Je suis restée sans voix. « Oui, totalement ! Je n’avais jamais envisagé ça comme carrière, mais j’adore ça. »

Ava sourit. « Alors, considère ça comme une chance. Le stage est rémunéré, et si tu t’investis bien, une bourse d’études pour l’université pourrait suivre. Qu’en penses-tu ? »

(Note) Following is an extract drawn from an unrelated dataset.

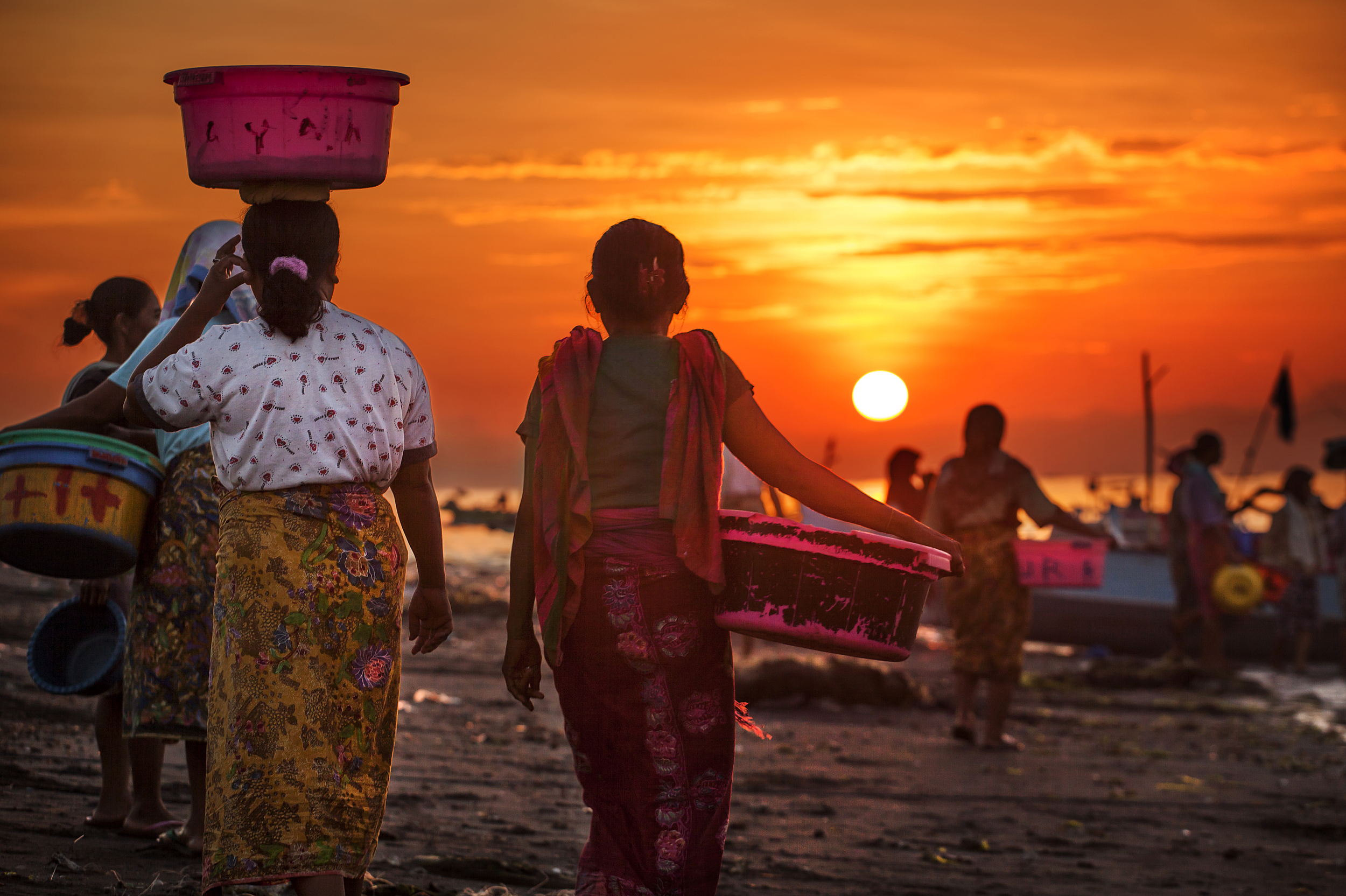  Woman walk down to shore as the fishing boats come in at Tanjung Luar, Lombok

J’étais émerveillée. « Oui ! Mille fois oui ! Merci ! »

« Parfait ! Je te contacte bientôt pour les détails, » dit-elle, ignorant mes parents, qui montaient à l’étage, figés et déconcertés.

Je n’avais même pas remarqué qu’ils me suivaient. Leurs visages étaient figés, et Daniel semblait surpris que, pour une fois, quelqu’un d’autre soit au centre de l’attention.

Ce stage a tout changé. J’ai trouvé un but, une direction, et surtout des personnes qui croyaient en moi.

Je me suis plongée dans le design, travaillant tard à l’agence et absorbant chaque enseignement avec avidité.

Entre l’école, le stage et mon job au supermarché, mes journées étaient épuisantes mais passionnantes.

À la maison, l’atmosphère a changé. Mes parents étaient hésitants, cessant les demandes de loyer pour me poser des questions sur mon travail.

« Alors, comment ça se passe le design ? » demandait Papa au dîner, évitant toujours de me regarder directement.

« C’est génial, » répondis-je, essayant de paraître détendue. « J’apprends beaucoup. »

Quant à Daniel, il ne comprenait pas. « Pourquoi Elena a un stage et pas moi ? » se plaignait-il un jour.

Maman le consola : « Tu es encore jeune, tu auras ta chance plus tard. »

J’ai levé les yeux au ciel. Toujours le favori…

Au fil de l’année, j’ai commencé à constituer mon portfolio pour l’université. Ava a été une mentore précieuse, m’aidant à choisir mes meilleurs travaux.

« Tu as un vrai don, Elena, » m’a-t-elle dit un jour après le travail. « Ces écoles seraient chanceuses de t’accueillir. »

Ses mots m’ont donné confiance pour viser haut. J’ai postulé dans plusieurs écoles de design réputées, y compris celle où Ava avait étudié.

Après une attente interminable, le jour arriva. Je retouchais une étagère dans le sous-sol quand maman appela :

« Elena ? Il y a une grosse enveloppe pour toi. »

Je suis montée en courant, arrachant l’enveloppe. « Chère Elena, nous avons le plaisir de t’informer de ton admission à notre École de Design… » Mes jambes fléchirent, et ce n’était pas tout.

Non seulement j’avais été acceptée, mais j’avais obtenu une bourse complète — à la même école qu’Ava.

« Alors ? » demanda maman, me lançant un regard froid. « Qu’est-ce qu’elle dit ? »

« J’ai été acceptée avec une bourse complète, » répondis-je, les yeux embués.

Un silence pesa. Puis elle remonta à l’étage. Papa resta muet au dîner, et Daniel avait l’air furieux.

Je percevais leur rancune, mais je m’en fichais. J’avais atteint mon but.

Ava organisa une petite fête à l’agence, et tante Teresa une grande célébration. C’était tout ce dont j’avais besoin.

La prochaine étape fut mon dortoir universitaire… puis, peu à peu, ma vie entière s’est parée de couleurs éclatantes, à l’image de mon âme, avec une famille choisie, solide et réconfortante — aussi durable qu’un bon cadre de lit.